Artur V says – I’ll still ban BCFC’s Martin Taylor for life

I was sure stumped when I read that Arsene Wenger has retracted his comments to rally for support to ban of Martin Taylor from the beautiful game. I’m certain that Monsieur Wenger has his own reasons, whether politically correct or what not; but it’s like gamely toying with the idea then tossing the whole lot into the washing machine like a soggy sock. But if Wenger has taken back what he has flamed, I’m sure not doing it the way he did.

Martin Taylor, for threatening the career of a fellow professional has to be subjected to the same circumstances and be told to bag groceries in Iceland and get drunk at night for no good reason other than he’s a big man (6′ 4” frame) with no cojones.
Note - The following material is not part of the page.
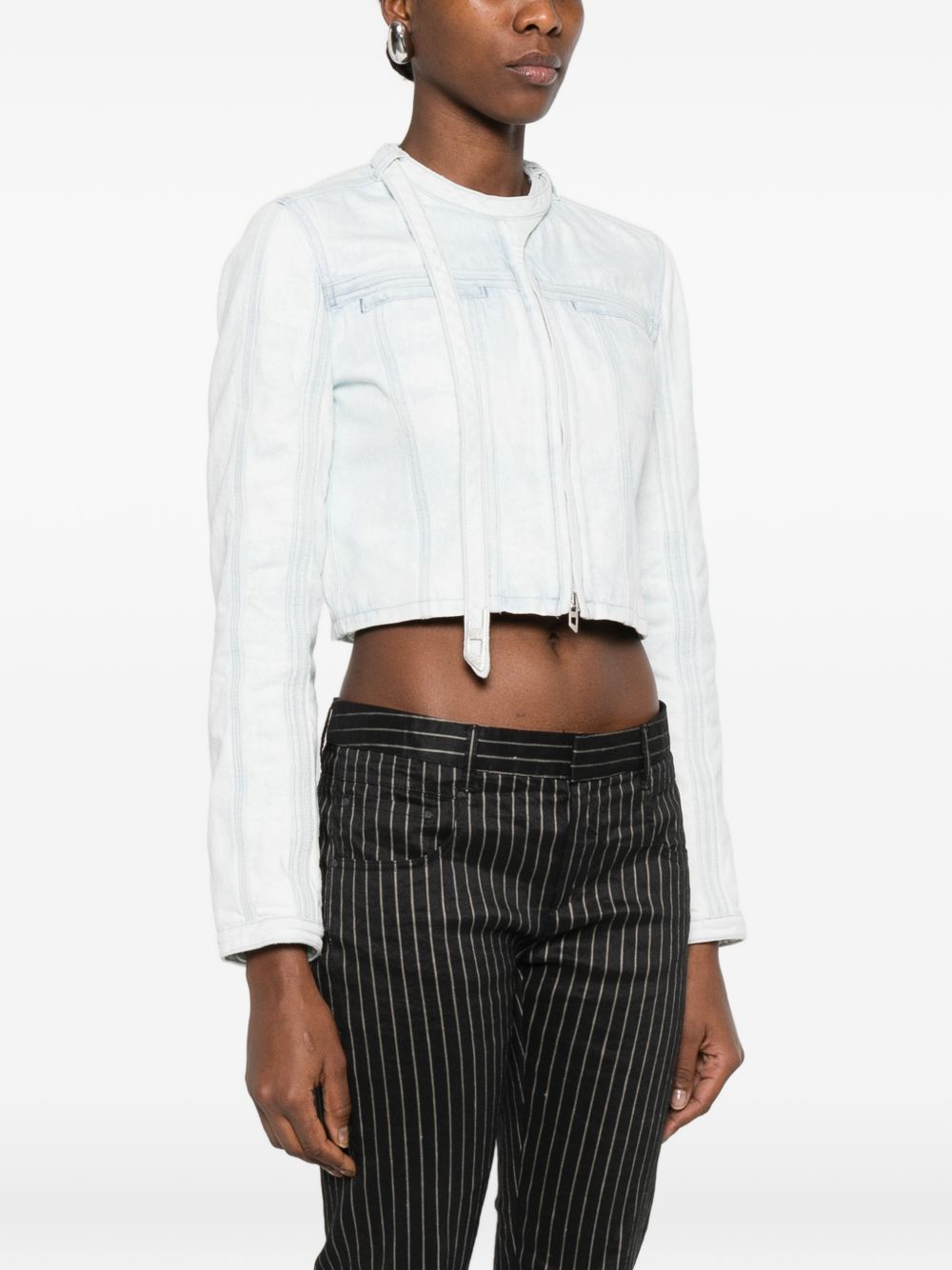 Diesel Zip Denim Cotton Jacket Clear Blue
You could be influenced by the media for reporting that his former boss, Steve Bruce who has risen to the defence of the chicken known as "Tiny" as "the biggest, gentlest man. There will be nobody more upset and sickened by him." Bruce continued that "there is not a bad bone in his body" and finished with "he would never, ever do anything malicious." Rising to the defence of former players is great but it’s clear that the former Man Ure player is overdoing his testimony to Taylor with these words of support and is having a counter-effect which reeks of exaggeration. Right Bruce, just keep the lid on with those overzealous comments. It’s not that we’re asking for a witness statement to defend Martin Taylor in the courts right now.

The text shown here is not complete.